Like Proton, many companies across Europe are pinning their hopes on the Digital Markets Act (DMA), the EU’s first overhaul of the rules that govern competition on the Internet in 20 years. It is one of two major pieces of technology legislation in the works in Brussels; the other is the Digital Services Act (DSA), which will cover areas such as privacy and data use.

It is the DMA which presents the greatest immediate threat to the digital empires built by so-called gatekeepers such as Google, Apple, Facebook, Amazon, and Microsoft over the past two decades. Lawmakers are expected to finalize the act’s wording and scope as soon as this week in a push to open up markets captured by Big Tech and allow local rivals to flourish.

Andy Yen, founder of ProtonMail, says his company can never be a true competitor to Google while the Internet continues to be an unregulated Wild West.
Enlarge / Andy Yen, founder of ProtonMail, says his company can never be a true competitor to Google while the Internet continues to be an unregulated Wild West.

Piaras à Mídheach/Sportsfile for Web Summit/Getty Images

The antitrust legislation has the potential to transform completely how these giant companies do business, disabling their core strategy of integration that has allowed them to tie in users, dominate markets, and capture billions of euros in revenues.

Aimed at firms with an individual market capitalization above €65 billion, the act will set out for the first time the rules of how large online platforms must compete in the EU’s market. It could, for example, force Google to give users the choice of alternative email providers when installing a new smartphone or Apple to open its app store to competing services.

It also gives regulators much sharper teeth—granting them broad investigatory powers, with the ability to hand out fines of up to 10 percent of global turnover for infringements or even in extreme circumstances to force repeat offenders to break up their businesses.

Kim van Sparrentak, a Dutch MEP who sits on the European parliament’s internal market and consumer protection committee, describes the legislation as a milestone in reining in Big Tech. “We are finally talking about [how] they are too big, about interoperability, something they really, really didn’t want. These are big, big wins.”

For decades, antitrust bodies in Europe and the US have been perceived as ineffective and too slow to react. Even though the European Commission has stepped up its antitrust actions in recent years, the fines that it has imposed are seen as simply the cost of doing business.

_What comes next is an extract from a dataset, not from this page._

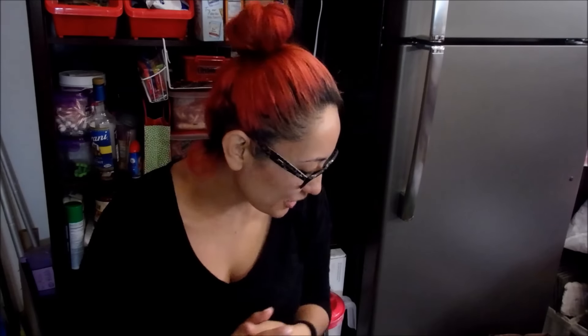Hi guys! Welcome to the Blanca Project. Today I have an awesome video for you guys. This is my first video back from my vacation and I'm so excited. I haven't even done my makeup, my hair, nothing. I just wanted to come on here and do a video for you guys.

Margrethe Vestager, right, the EU’s competition commissioner, who has handed out roughly €10 billion in fines to Google over a decade, and Thierry Breton, who has been instrumental in drawing up the tough new rules against large tech companies.
Enlarge / Margrethe Vestager, right, the EU’s competition commissioner, who has handed out roughly €10 billion in fines to Google over a decade, and Thierry Breton, who has been instrumental in drawing up the tough new rules against large tech companies.

Virginia Mayo/EPA-EFE

For example, Margrethe Vestager, the EU’s competition commissioner, has handed out roughly €10 billion in fines to Google over a decade, with what rivals claim has had little effect on opening up markets. Google is still contesting all the fines even after judges at the EU’s court in Luxembourg ruled the search engine giant was favoring its own services over competing offers. The company is appealing against the decision.

Now, the EU is dramatically escalating its antitrust war on Big Tech, and the Silicon Valley giants have been frantically trying to shape it to their own ends. According to the independently funded Brussels-based campaign group Corporate Europe Observatory, more than 150 meetings between Big Tech and EU officials have been logged since the start of the current European Commission in late 2019, involving 103 organizations.

But interviews with EU officials, lawmakers, and others suggest their efforts have been ham-fisted and largely in vain—and major companies are now shifting their attention to how they might comply with the legislation rather than derail it.

“There is no stopping or derailing the new rules,” says Thomas Vinje, a Brussels-based partner at Clifford Chance, a law firm that has represented rivals of Big Tech but also large players. “Big Tech lost the legislative battle.”